Contoh: seorang anak dilarang secara sepihak oleh orang tua untuk bermain atau keluar pada malam hari. Suatu ketika, karena keinginan yang kuat, anak pergi diam-diam tanpa izin orang tua atau berbohong dengan berbagai alasan untuk bisa keluar malam bersama teman-temannya.
b.      Sikap demokratis
Orang tua yang bersikap demokratis selalu mengutamakan musyawarah dalam membahas berbagai persoalan. Orang tua memberikan kesempatan kepada anak untuk berinisiatif memberikan pendapat dan masukan terhadap keputusan yang diambil. Dengan sikap ini, anak lebih merasa dihargai dan memiliki sikap toleransi yang tinggi. Anak menjadi lebih mudah mengungkapkan gagasan tanpa merasa takut.

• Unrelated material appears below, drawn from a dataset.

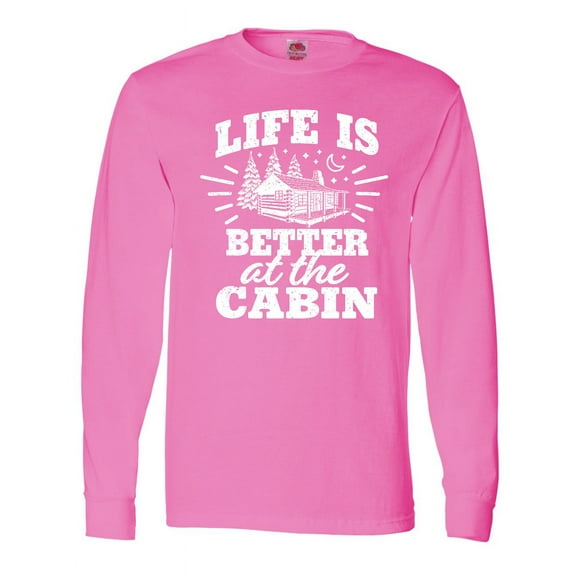 Inktastic Life is Better at the Cabin with Trees and Moon Long Sleeve T-Shirt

Contoh: orang tua melakukan musyawarah dengan anaknya tentang peraturan jam malam. Dari musyawarah tersebut diputuskan anak boleh keluar malam dengan alasan yang jelas. Selain itu, batas jam malam hanya sampai pukul sepuluh. Anak merasa diberi kepercayaan dan tanggung jawab dalam hal ini, sehingga sebisa mungkin ia akan mematuhinya.
c.       Sikap terlalu melindungi atau memanjakan
Orang tua dengan sikap ini selalu berhati-hati dan cemas dengan keadaan anaknya. Orang tua selalu memastikan bahwa anak dalam kondisi aman jauh dari bahaya. Kondisi ini menyebabkan orang tua membantu anak secara berlebihan dalam segala hal. Akibatnya, anak kurang mendapat kesempatan untuk belajar mandiri dan mengambil keputusan sendiri. Anak akan cenderung memiliki sikap takut dan ragu dalam mengambil keputusan. Anak pun kurang mampu menyesuaikan diri dengan keadaan yang kurang menguntungkan.

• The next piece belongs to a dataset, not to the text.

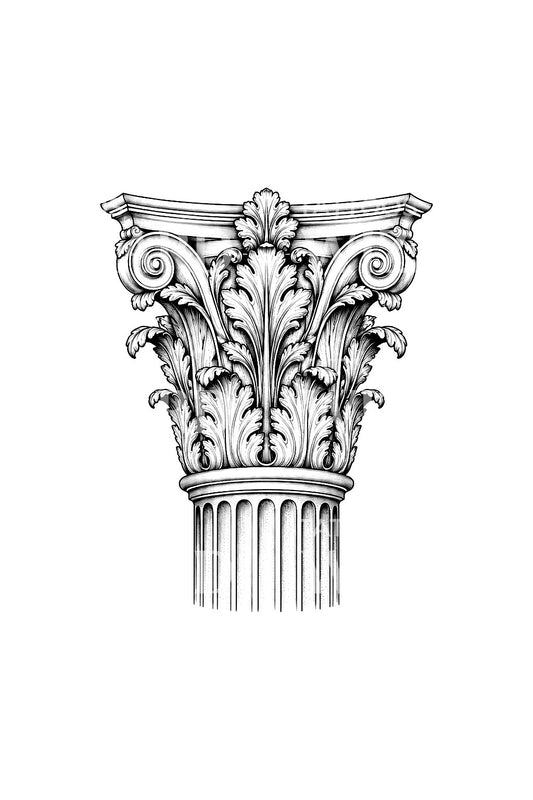 Tatuaż | Acanthus Column Top Line Drawing Tattoo Idea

Contoh: anak yang biasanya dijemput sepulang sekolah, suatu ketika orang tua terlambat menjemput. Anak diminta naik bus, tetapi ia takut dan memilih menunggu saja. Setiap 5 menit, anak tersebut menelepon orang tuanya untuk segera datang. Orang tua yang merasa cemas juga tidak berhenti meyakinkan anak untuk bersikap tenang.

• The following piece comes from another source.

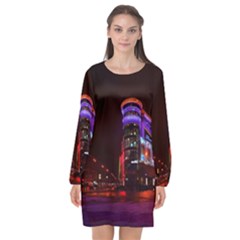 Moscow Night Lights Evening City Long Sleeve Chiffon Shift Dress  by Nexatart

d.      Sikap terlalu mengabaikan anak
Orang tua dengan sikap ini sering mengabaikan dan kurang memperhatikan kebutuhan anak. Orang tua bersikap acuh terhadap tingkah laku anak. Sehingga, anak tidak mendapatkan pengawasan yang cukup di lingkungan keluarga. Hal ini mempermudah masuknya pengaruh negatif dari lingkungan luar. Anak cenderung bersikap agresif karena merasa tidak diinginkan oleh orang tua. Akibatnya, anak akan mencari pelarian dalam kelompok yang akan menerimanya meskipun itu bersifat menyimpang.
Contoh: orang tua tidak terlalu khawatir anak sering pulang lebih dari jam 12 malam. Orang tua tidak memperhatikan dengan siapa saja anaknya berteman. Sehingga, ketika suatu ketika anak terjerat kasus narkoba, orang tua hanya bisa menyalahkan tingkah laku anak dan semakin memojokkannya.